I was thinking to match on the driver of interface, but current code changes less and is more clean :-)

^[A-Fa-f0-9]{15} matches the ovs container interface (15 bits of the container sandbox ID)
ovn.* matches the ovn management port ovn-k8s-mp0
br-int matches the ovnk integration bridge
cni.* matches cni0
ovs-system$ matches the ovs system interface.

[zshi-redhat]

btw, do we listen on both br-ex and physical interface (like eth0)?
eth0 is added as ovs port of br-ex.

[mangelajo]

btw, do we listen on both br-ex and physical interface (like eth0)? eth0 is added as ovs port of br-ex.

Right, it will listen on both. But I don't think we have a simple way of filtering the interface connected to br-ex
without digging into openvswitch database, and I'm not sure if it's safe to only listen on "eth0" and exclude br-ex. Do you want me to try that?

the worst case is that we will respond twice to mdns queries.

[mangelajo]

btw, do we listen on both br-ex and physical interface (like eth0)? eth0 is added as ovs port of br-ex.

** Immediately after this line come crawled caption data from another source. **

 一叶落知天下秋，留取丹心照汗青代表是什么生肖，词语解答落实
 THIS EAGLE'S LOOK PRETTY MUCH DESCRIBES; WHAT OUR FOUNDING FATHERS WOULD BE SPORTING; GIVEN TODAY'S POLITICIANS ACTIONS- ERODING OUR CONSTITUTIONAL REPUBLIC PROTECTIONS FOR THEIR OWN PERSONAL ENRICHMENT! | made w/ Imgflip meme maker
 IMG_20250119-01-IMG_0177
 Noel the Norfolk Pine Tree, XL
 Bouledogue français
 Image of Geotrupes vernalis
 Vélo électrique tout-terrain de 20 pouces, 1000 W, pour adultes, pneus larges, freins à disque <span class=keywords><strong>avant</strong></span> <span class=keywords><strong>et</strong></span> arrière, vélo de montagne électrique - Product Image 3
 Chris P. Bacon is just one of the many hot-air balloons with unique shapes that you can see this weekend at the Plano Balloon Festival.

Right, it will listen on both. But I don't think we have a simple way of filtering the interface connected to br-ex without digging into openvswitch database, and I'm not sure if it's safe to only listen on "eth0" and exclude br-ex. Do you want me to try that?
if bonding is used on the OVS side that could fail to work.

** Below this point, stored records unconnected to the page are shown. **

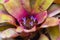 Close up top view little purple flower blooming in bromeliad with water tank inside and around the leaves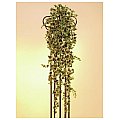 Europalms Ivy tendril, green-white, 100cm , Sztuczna roślina 2/3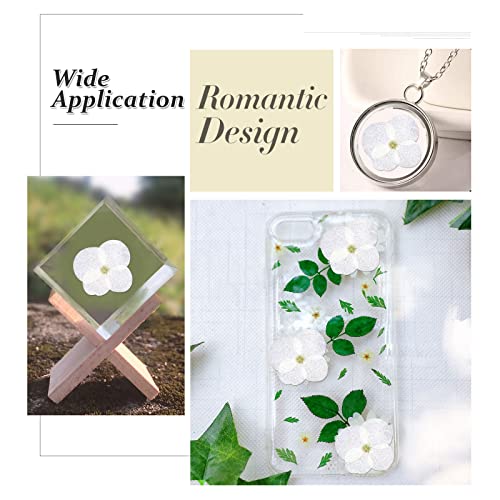 60 Flores Secas de Hortensia Blanca para Manualidades miniatura 7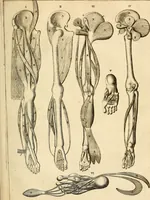 An illustration from Ioannis Veslingii ... Syntagma anatomicum (1647)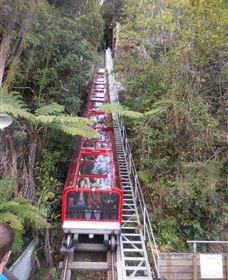 Country Charmâ„¢ Discovery Tours - Accommodation Redcliffe 6
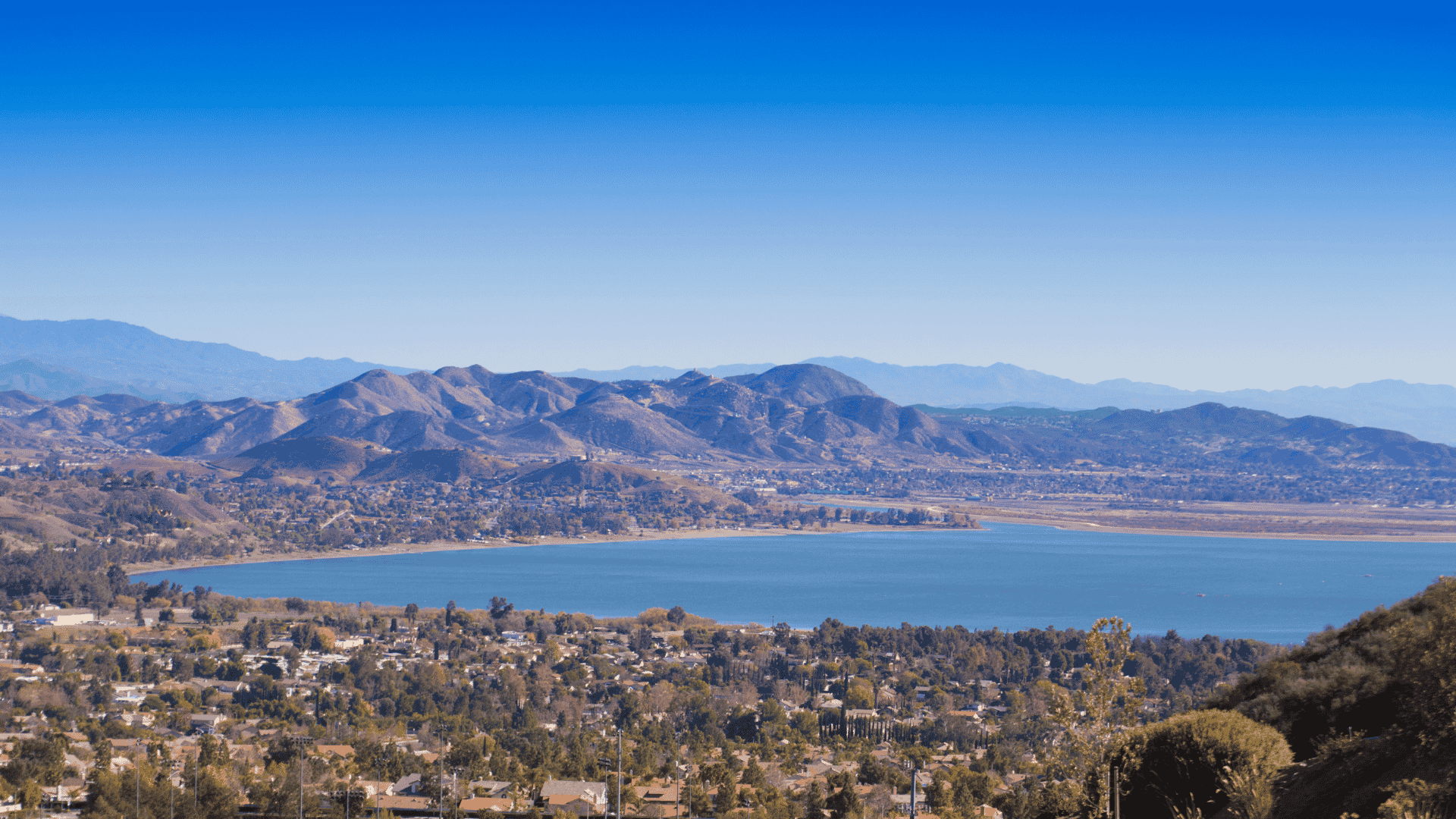 Lake Elsinore Rodent Control and Exclusion Services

I tend to think that duplicated replies is better than no replies.

[ggiguash]

Can we add this list to a comment in the code, explaining the logic of filtering?

[mangelajo]

Oh of course, that makes sense

[mangelajo]

I updated the patch according to comments

[mangelajo]

@zshi-redhat I verified and we don't send duplicate responses although we are listening on both br-ex and eth0:

[mangelajo]

updated with the additional comments.

[mangelajo]

@ggiguash @zshi-redhat does it look ok to lgtm ?

[ggiguash]

/lgtm

[openshift-ci]

[APPROVALNOTIFIER] This PR is APPROVED

This pull-request has been approved by: ggiguash, mangelajo

The full list of commands accepted by this bot can be found here.

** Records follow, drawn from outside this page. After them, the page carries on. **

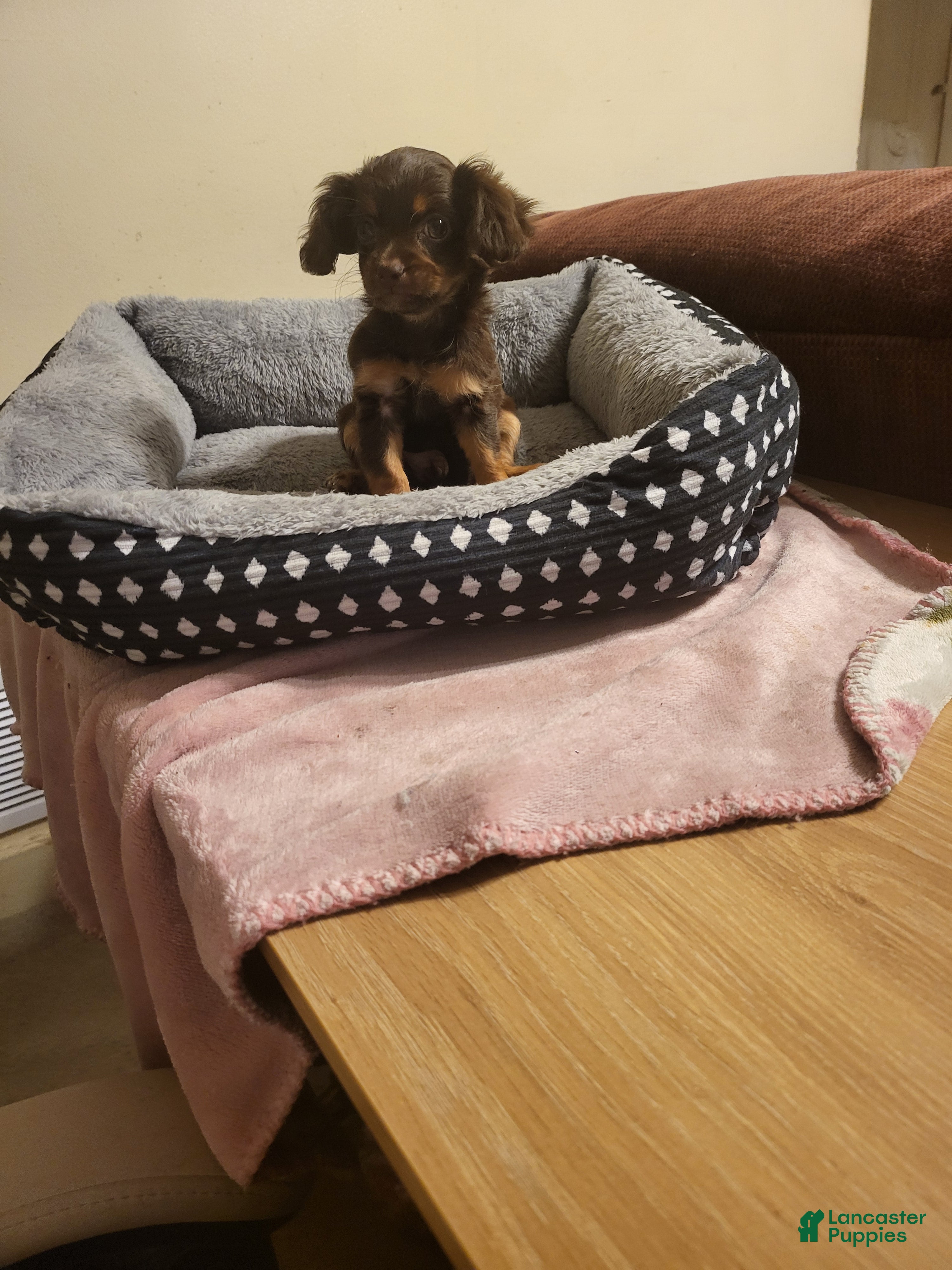 Chiweenie dogs Chiweenie 1 - Ad 42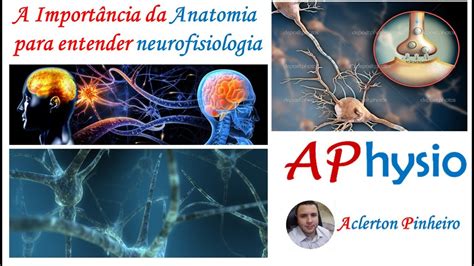 Sobre Neurofisiologia E Neuropatologia Marque A Assertiva Correta: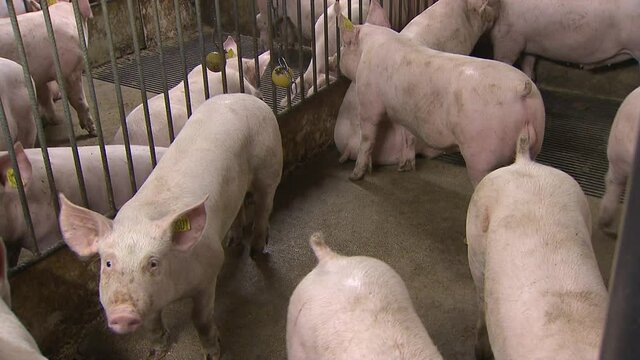 Pigs in stable. Pig breeding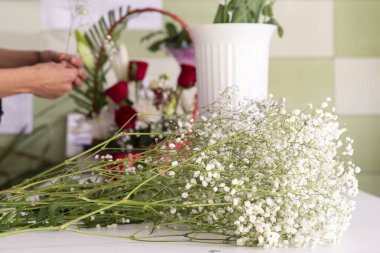 Gypthe ile Paniculata çift beyaz. Çiçekçi işyeri. 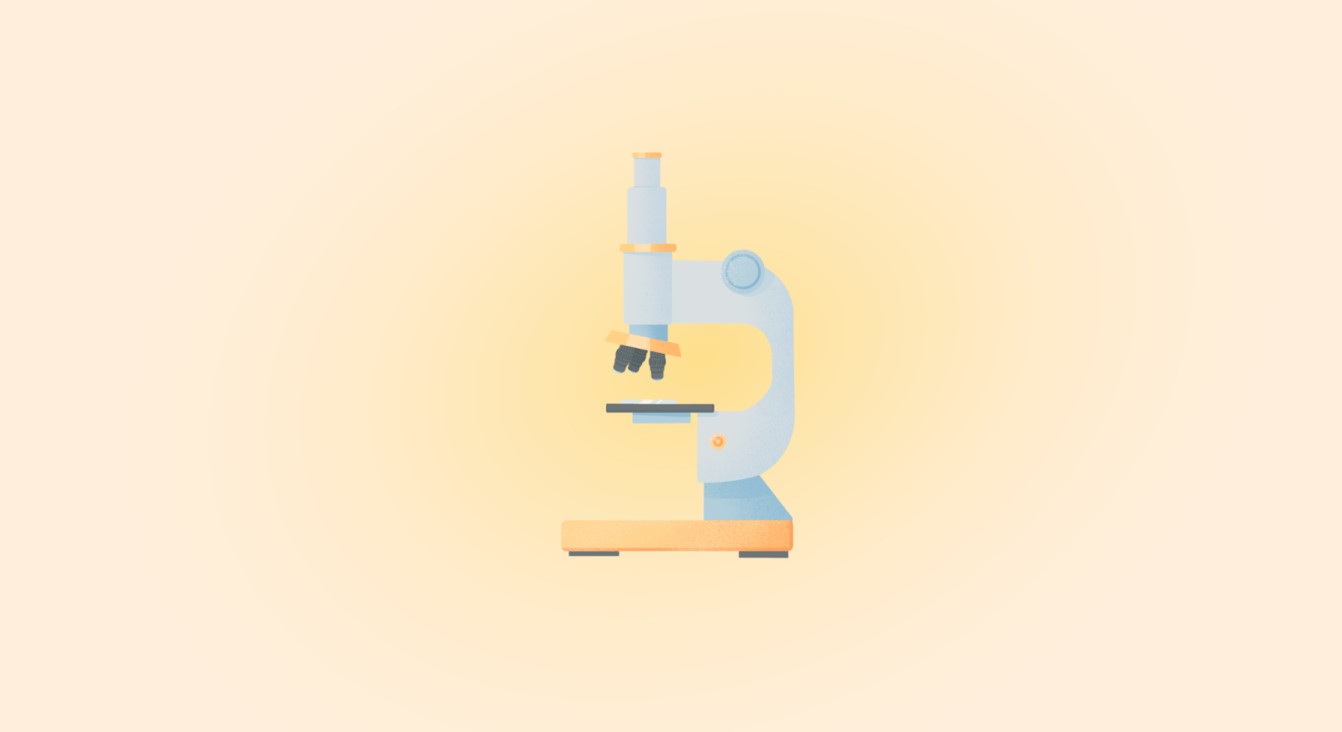 Обществознание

The pull request process is described here

Details

Needs approval from an approver in each of these files:

• OWNERS [ggiguash,mangelajo]

Approvers can indicate their approval by writing /approve in a comment
Approvers can cancel approval by writing /approve cancel in a comment

[openshift-ci-robot]

/retest-required

Remaining retests: 2 against base HEAD 9466daf and 8 for PR HEAD f7542fe in total

[openshift-ci]

@mangelajo: all tests passed!

Full PR test history. Your PR dashboard.

Details

Instructions for interacting with me using PR comments are available here. If you have questions or suggestions related to my behavior, please file an issue against the kubernetes/test-infra repository. I understand the commands that are listed here.

[zshi-redhat]

@zshi-redhat I verified and we don't send duplicate responses although we are listening on both br-ex and eth0:

@mangelajo I observed two reply packets when tcpdump on the physical interface (e.g. enp1s0):

23:10:37.644628 52:54:00:c7:7e:34 > 01:00:5e:00:00:fb, ethertype IPv4 (0x0800), length 74: 192.168.122.250.mdns > 224.0.0.251.mdns: 0 A (QM)? my-nginx.local. (32)
23:10:37.644902 52:54:00:c7:7e:34 > 01:00:5e:00:00:fb, ethertype IPv4 (0x0800), length 84: 192.168.122.250.mdns > 224.0.0.251.mdns: 0*- [0q] 1/0/0 A 192.168.122.250 (42)
23:10:37.644988 52:54:00:c7:7e:34 > 01:00:5e:00:00:fb, ethertype IPv4 (0x0800), length 84: 192.168.122.250.mdns > 224.0.0.251.mdns: 0*- [0q] 1/0/0 A 192.168.122.250 (42)

Which interface did you capture the mdns packet?